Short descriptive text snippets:
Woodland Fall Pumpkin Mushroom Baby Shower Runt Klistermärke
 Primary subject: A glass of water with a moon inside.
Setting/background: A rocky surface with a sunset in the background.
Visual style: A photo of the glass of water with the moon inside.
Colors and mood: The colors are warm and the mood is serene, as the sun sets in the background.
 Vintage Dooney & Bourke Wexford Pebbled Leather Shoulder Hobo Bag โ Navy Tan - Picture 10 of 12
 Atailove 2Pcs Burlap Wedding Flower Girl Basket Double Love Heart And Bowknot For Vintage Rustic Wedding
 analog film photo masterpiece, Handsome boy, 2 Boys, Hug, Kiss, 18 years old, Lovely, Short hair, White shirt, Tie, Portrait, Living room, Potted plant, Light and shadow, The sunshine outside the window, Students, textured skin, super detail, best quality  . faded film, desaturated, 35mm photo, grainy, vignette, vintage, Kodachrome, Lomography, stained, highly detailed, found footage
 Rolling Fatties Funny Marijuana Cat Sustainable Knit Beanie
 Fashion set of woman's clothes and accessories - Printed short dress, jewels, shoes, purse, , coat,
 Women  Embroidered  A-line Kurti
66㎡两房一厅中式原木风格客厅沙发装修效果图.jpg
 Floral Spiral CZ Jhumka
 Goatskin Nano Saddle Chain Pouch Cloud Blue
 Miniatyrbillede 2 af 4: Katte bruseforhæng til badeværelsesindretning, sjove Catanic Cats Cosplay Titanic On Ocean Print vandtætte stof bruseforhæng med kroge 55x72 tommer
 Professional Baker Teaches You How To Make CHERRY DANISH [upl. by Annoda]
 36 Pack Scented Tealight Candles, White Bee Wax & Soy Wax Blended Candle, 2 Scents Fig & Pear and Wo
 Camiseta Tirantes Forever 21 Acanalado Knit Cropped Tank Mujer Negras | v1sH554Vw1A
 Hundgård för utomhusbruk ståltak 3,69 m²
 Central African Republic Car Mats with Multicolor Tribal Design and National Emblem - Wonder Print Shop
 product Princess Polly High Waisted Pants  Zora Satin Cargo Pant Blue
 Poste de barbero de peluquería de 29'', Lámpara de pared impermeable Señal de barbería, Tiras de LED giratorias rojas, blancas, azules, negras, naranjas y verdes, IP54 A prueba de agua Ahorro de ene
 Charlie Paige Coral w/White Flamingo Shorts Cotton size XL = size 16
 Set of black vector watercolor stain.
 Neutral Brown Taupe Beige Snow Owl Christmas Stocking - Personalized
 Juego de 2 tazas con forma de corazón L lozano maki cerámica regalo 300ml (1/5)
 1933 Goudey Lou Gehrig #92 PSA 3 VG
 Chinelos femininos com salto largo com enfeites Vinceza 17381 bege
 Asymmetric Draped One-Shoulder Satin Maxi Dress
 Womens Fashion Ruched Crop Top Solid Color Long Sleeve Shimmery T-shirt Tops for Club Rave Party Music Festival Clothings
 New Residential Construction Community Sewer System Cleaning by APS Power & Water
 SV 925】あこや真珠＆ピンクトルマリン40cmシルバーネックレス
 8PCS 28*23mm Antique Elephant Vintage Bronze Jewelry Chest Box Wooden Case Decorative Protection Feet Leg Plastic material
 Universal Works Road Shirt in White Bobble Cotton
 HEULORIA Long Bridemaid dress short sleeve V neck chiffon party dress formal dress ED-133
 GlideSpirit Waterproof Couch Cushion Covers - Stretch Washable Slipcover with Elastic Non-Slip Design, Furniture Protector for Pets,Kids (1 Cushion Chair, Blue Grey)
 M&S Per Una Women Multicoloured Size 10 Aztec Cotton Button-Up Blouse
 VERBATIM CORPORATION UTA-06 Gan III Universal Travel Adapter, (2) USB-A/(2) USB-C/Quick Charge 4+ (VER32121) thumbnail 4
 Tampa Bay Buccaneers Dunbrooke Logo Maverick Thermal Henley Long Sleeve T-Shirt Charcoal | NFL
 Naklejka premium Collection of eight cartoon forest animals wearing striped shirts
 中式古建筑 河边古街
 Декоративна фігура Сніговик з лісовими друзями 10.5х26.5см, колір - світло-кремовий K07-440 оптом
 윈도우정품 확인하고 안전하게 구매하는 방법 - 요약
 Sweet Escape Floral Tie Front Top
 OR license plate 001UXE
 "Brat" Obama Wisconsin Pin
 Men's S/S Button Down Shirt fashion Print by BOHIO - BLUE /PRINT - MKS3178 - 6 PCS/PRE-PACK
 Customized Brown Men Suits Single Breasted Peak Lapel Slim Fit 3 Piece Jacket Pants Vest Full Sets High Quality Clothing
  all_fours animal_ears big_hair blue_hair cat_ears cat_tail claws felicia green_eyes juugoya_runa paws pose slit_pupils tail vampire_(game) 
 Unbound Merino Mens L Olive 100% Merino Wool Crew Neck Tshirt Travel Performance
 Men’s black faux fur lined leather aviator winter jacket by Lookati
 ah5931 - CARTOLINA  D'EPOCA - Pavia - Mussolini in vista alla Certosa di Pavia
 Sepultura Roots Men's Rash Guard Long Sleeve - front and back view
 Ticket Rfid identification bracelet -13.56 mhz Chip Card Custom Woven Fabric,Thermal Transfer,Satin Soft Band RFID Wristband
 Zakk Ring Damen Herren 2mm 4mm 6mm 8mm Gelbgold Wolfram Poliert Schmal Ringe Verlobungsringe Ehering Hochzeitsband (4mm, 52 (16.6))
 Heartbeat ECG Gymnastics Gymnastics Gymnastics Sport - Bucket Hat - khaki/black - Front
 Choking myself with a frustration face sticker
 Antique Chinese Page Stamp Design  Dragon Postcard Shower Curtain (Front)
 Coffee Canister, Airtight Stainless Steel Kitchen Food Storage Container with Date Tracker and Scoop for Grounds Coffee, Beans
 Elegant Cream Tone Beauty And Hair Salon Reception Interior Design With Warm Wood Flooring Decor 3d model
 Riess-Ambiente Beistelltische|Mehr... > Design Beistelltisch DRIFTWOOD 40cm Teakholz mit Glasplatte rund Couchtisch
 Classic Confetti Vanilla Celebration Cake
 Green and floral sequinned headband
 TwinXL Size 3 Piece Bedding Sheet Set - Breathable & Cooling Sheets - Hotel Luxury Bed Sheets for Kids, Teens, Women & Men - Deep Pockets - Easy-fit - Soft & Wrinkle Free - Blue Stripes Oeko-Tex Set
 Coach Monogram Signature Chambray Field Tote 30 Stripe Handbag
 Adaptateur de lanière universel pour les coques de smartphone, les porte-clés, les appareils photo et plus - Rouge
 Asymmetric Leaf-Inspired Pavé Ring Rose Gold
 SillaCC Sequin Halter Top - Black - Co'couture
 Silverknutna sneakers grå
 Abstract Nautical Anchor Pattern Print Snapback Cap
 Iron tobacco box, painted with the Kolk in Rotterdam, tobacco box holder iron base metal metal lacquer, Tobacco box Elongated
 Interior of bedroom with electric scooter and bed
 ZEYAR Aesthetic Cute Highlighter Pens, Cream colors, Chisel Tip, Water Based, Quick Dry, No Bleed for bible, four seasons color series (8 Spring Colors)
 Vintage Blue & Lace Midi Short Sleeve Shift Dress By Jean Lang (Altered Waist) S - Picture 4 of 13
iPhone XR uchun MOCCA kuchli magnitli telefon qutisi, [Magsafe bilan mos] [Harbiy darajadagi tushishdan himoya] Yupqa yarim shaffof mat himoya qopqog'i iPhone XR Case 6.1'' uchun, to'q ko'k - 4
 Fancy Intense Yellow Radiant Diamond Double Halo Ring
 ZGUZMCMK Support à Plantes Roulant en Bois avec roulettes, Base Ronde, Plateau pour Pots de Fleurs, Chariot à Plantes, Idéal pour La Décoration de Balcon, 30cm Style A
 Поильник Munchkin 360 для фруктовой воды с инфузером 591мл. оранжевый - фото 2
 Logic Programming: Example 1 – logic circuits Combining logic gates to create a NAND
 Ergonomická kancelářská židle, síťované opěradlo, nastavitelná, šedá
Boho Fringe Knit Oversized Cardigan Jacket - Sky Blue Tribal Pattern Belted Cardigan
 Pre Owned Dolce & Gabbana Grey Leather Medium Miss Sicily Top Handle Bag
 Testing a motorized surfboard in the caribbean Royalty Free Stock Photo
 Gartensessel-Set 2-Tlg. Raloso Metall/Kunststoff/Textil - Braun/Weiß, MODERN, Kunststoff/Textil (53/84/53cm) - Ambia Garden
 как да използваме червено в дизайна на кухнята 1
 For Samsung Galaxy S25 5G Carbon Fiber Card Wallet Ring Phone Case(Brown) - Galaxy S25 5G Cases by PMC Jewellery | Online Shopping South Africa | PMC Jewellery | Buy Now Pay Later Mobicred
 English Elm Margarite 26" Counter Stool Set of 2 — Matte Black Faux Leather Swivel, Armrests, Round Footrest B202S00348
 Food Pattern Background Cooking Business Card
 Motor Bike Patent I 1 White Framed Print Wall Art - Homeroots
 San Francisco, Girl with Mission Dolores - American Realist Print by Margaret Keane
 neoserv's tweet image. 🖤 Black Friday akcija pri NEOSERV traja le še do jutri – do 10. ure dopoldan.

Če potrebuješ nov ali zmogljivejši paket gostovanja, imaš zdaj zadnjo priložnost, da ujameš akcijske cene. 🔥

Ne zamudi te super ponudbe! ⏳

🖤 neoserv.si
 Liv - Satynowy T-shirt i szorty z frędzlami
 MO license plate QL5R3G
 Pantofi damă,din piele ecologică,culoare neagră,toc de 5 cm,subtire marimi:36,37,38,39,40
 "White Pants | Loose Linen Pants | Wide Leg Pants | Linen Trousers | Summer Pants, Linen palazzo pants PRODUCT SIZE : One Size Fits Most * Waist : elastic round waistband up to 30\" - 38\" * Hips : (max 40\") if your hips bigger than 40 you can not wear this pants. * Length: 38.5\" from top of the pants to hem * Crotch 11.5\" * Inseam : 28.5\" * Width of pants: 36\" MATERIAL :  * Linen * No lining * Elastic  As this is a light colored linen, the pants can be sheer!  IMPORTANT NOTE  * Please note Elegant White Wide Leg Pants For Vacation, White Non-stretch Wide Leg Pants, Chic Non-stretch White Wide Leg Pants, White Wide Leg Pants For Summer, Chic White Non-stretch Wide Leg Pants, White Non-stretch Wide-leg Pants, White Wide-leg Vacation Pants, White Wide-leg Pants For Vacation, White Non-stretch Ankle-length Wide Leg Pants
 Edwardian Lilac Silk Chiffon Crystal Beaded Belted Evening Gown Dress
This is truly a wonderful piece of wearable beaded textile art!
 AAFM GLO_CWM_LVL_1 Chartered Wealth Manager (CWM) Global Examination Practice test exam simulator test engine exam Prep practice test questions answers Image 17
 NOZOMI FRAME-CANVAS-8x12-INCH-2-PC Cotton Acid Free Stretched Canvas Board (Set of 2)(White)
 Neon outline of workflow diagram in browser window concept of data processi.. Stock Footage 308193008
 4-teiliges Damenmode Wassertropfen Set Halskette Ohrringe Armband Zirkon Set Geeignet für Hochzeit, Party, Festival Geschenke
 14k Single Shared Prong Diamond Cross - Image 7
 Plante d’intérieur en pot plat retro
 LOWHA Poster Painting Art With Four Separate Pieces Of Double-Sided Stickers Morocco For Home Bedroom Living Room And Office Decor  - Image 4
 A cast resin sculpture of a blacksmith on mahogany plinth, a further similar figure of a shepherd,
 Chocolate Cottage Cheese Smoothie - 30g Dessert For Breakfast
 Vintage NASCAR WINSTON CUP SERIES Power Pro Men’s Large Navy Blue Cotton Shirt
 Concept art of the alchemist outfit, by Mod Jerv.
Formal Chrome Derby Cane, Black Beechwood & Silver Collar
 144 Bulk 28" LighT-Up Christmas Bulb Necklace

EXERCISE PROMPT: A single integer is the expected output: the number of lines in the data that include the word "Satin".

ANSWER TO THE EXERCISE: 3